Selanjutnya oleh Ranggawarsita, Pujanggga Kraton Solo dekade 1800-an, ramalan Jayabaya diurai melalui sebuah karya berjudul “Jangka Jayabaya”.
Bahkan era sebelum Ranggawarsita pun — yakni Sunan Kalijaga (1450-1546) juga menafsirkan melalui tanda-tanda. Tampaknya bangsa ini, tidak hanya Wong Jowosaja, sangat akrab dengan tembang pertanda Kolobendu dari suluk kedua tokoh (Ranggawarsita dan Kalijaga) tadi. Adapun bunyi suluk tersebut antara lain:
(1) mengko yen mangsane kali ilang kedunge; (2) pasar ilang kumandhange, (3)wong wadon ilang wirange (Terjemahan bebasnya: (1) nanti akan ada masa atau saat ketika sungai kehilangan lubuk; (2) pasar kehilangan dengung dan (3) wanita hilang rasa malunya).
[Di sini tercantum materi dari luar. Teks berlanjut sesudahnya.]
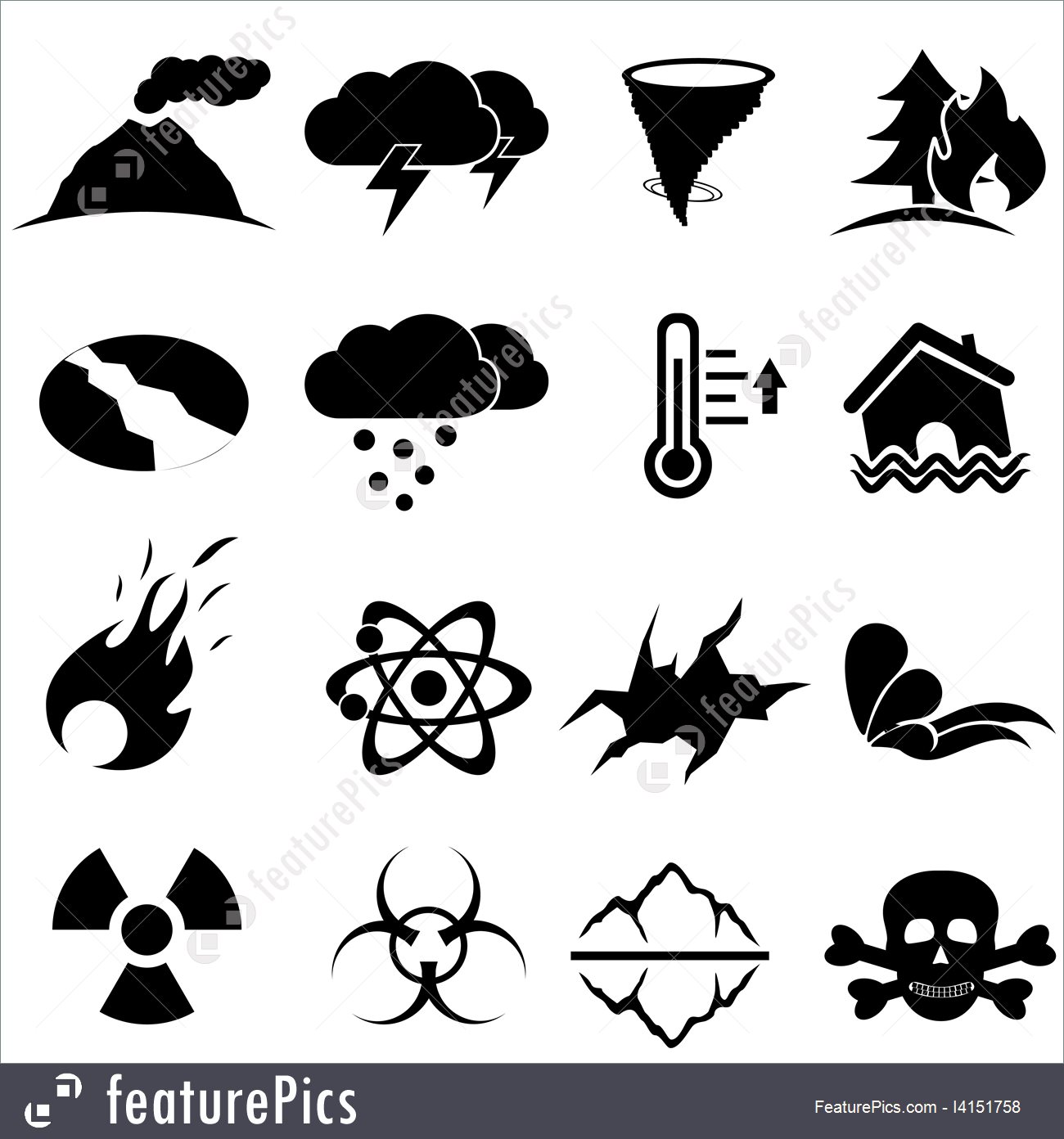 1300x1392 Disaster Icon Set Illustration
Melalui catatan sederhana ini, saya memberanikan diri menafsir dan mengulas tembang sakti para leluhur nyata “terbaca” dan riil terjadi di era kini. Dan kami mohon maaf bila terdapat kesalahan arti, maksud, ataupun interpretasi, terutama jika ditemui kedangkalan makna dalam menafsirkan local wisdom leluhur yang penuh filosofis — hal itu semata-mata keterbatasan kemampuan penulis, bukan karena kedangkalan substansi suluk. Inilah ulasan sederhananya.
Kali Ilang Kedunge (Sungai Hilang Lubuknya)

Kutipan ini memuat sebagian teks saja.